Nakaz nie jest zatem za coś, ale w jakimś celu.
Natomiast, odnosząc się do pańskiego pytania: po pierwsze muszę podkreślić, że ja mam ograniczony dostęp do informacji, niezależnie od faktu, że kieruję Trybunałem. Sędziowie zdecydowali bowiem, że nakaz jest tajny. Ujawniono cztery okoliczności. Po pierwsze - fakt wydania dwóch nakazów. Po drugie - nazwiska osób, których te nakazy dotyczą. Po trzecie - podejrzenie popełnienia zbrodni, które jest podstawą tego nakazu, oraz po czwarte - formy popełnienia tych zbrodni.
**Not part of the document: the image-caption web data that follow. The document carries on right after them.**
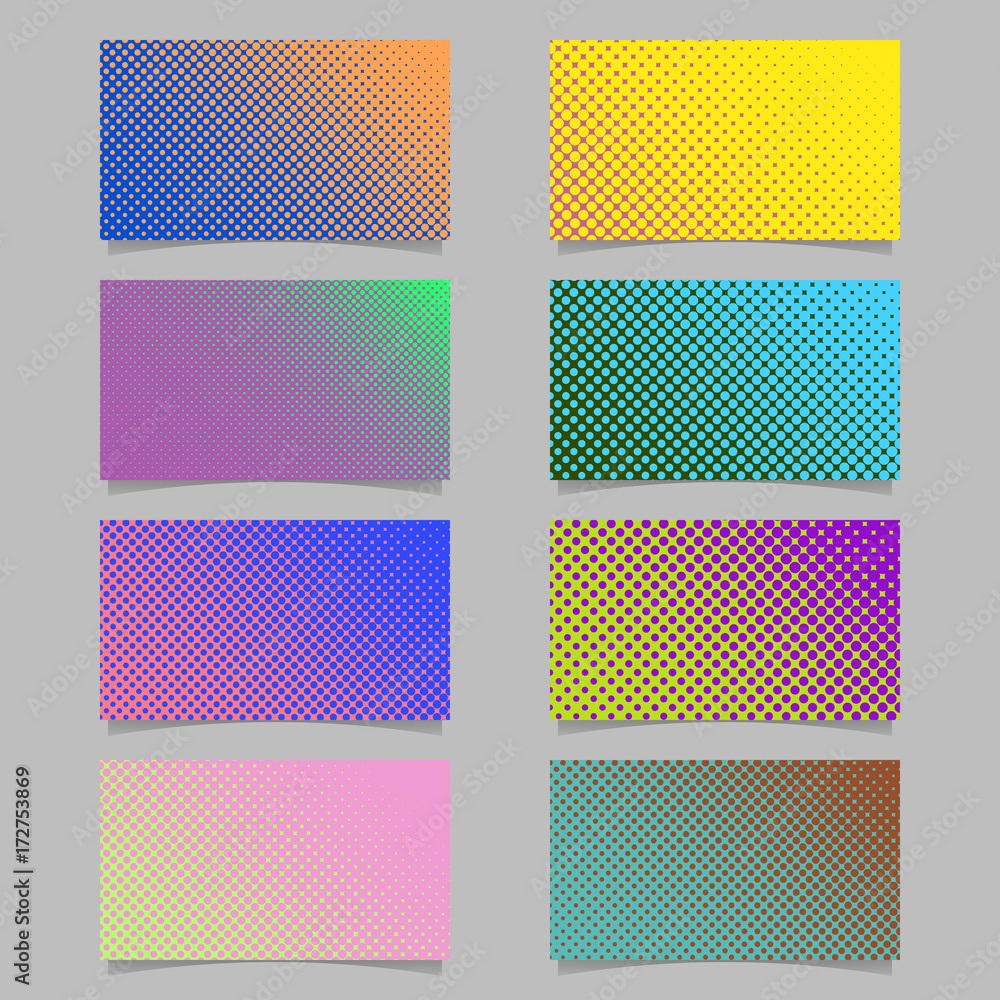 Poster abstract halftone dot pattern business card background template design set - vector company statione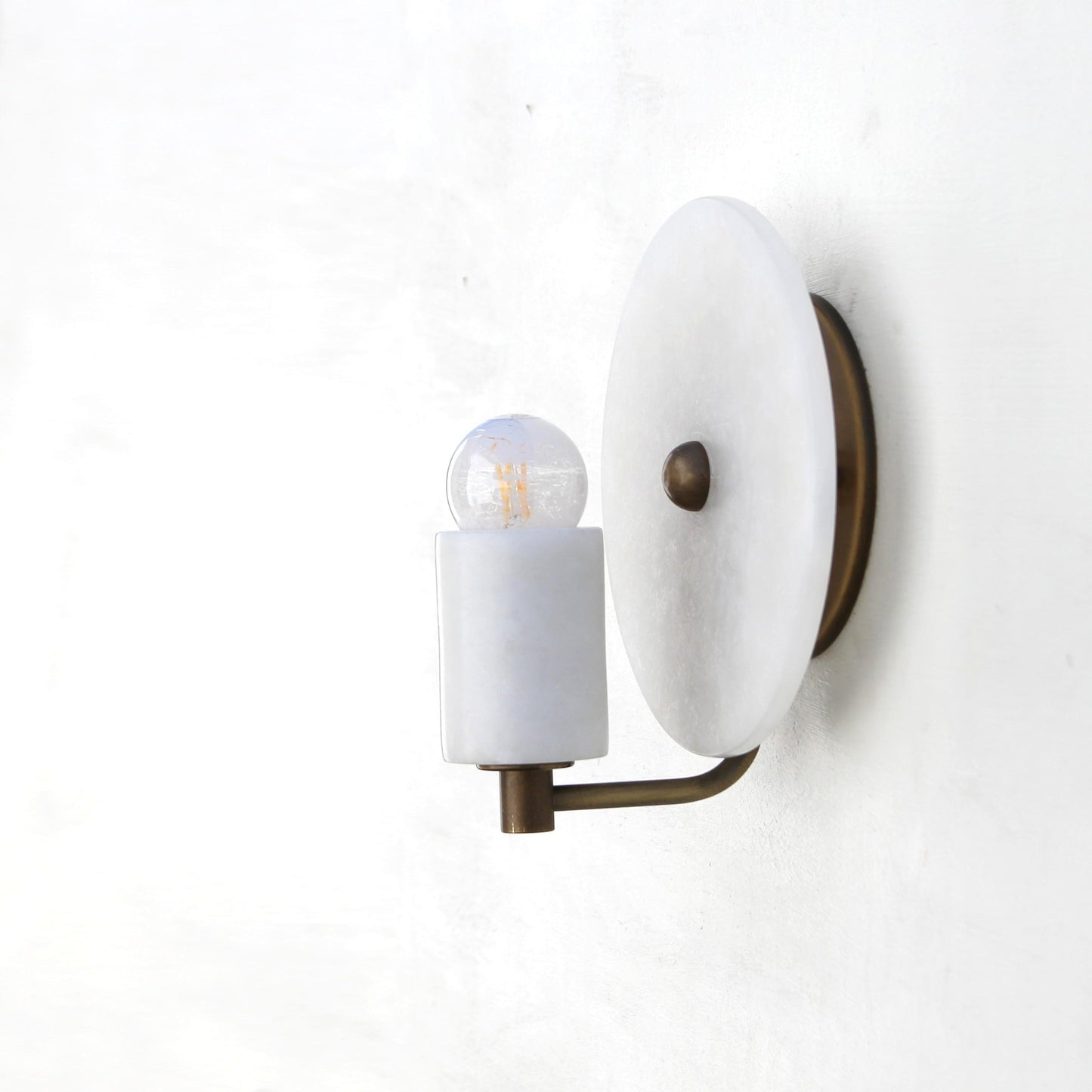 One-Light Alabaster Disc Sconce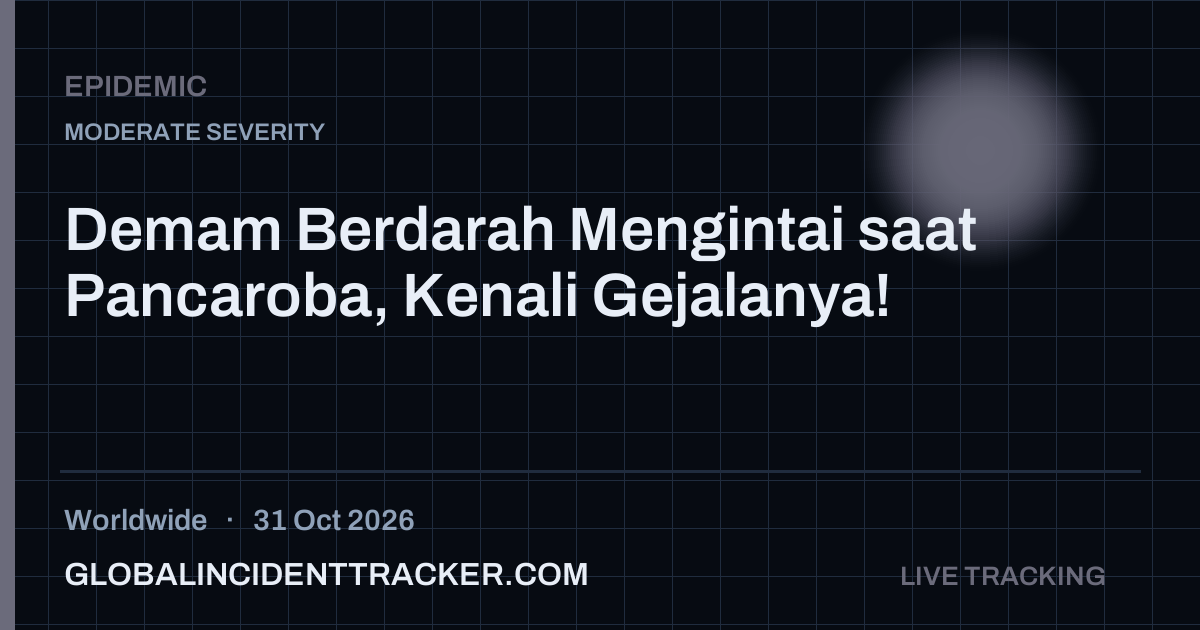 Epidemic incident in worldwide on 31 October 2026 — Global Incident Tracker report card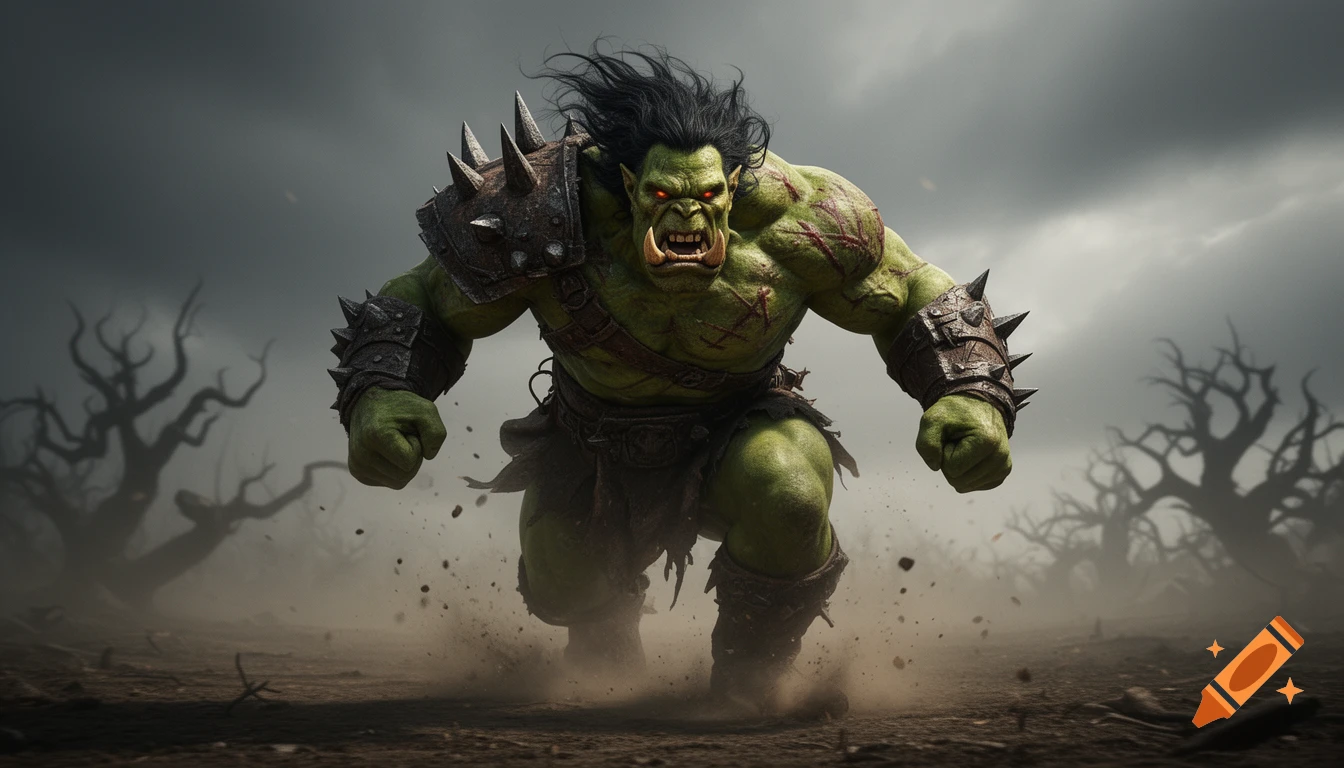 A ferocious green-skinned orc with tusks and red eyes, wearing spiked armor, charges through a dusty, desolate landscape with skeletal trees under a stormy sky.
Na jakich dowodach, na jakich okolicznościach opiera się nakaz? Tego na tym etapie postępowania nie wiemy, ja również tego nie wiem. Klauzula tajności działa również wobec mnie jako prezesa Trybunału. Natomiast przypuszczam, że w całej tej wielowątkowej, złożonej, skomplikowanej i wielkiej sprawie to właśnie ten wątek – deportacji dzieci - został w sposób najbardziej klarowny udowodniony.
Udowodniony przed rozprawą i wyrokiem?
Udowodniony, to znaczy, że istnieją materiały i informacje, które – podkreślam raz jeszcze: tak przypuszczam - pozwalają na sformułowanie podejrzenia popełnienia tych właśnie zbrodni przez te właśnie osoby i w tych formach, o których w nakazach mowa.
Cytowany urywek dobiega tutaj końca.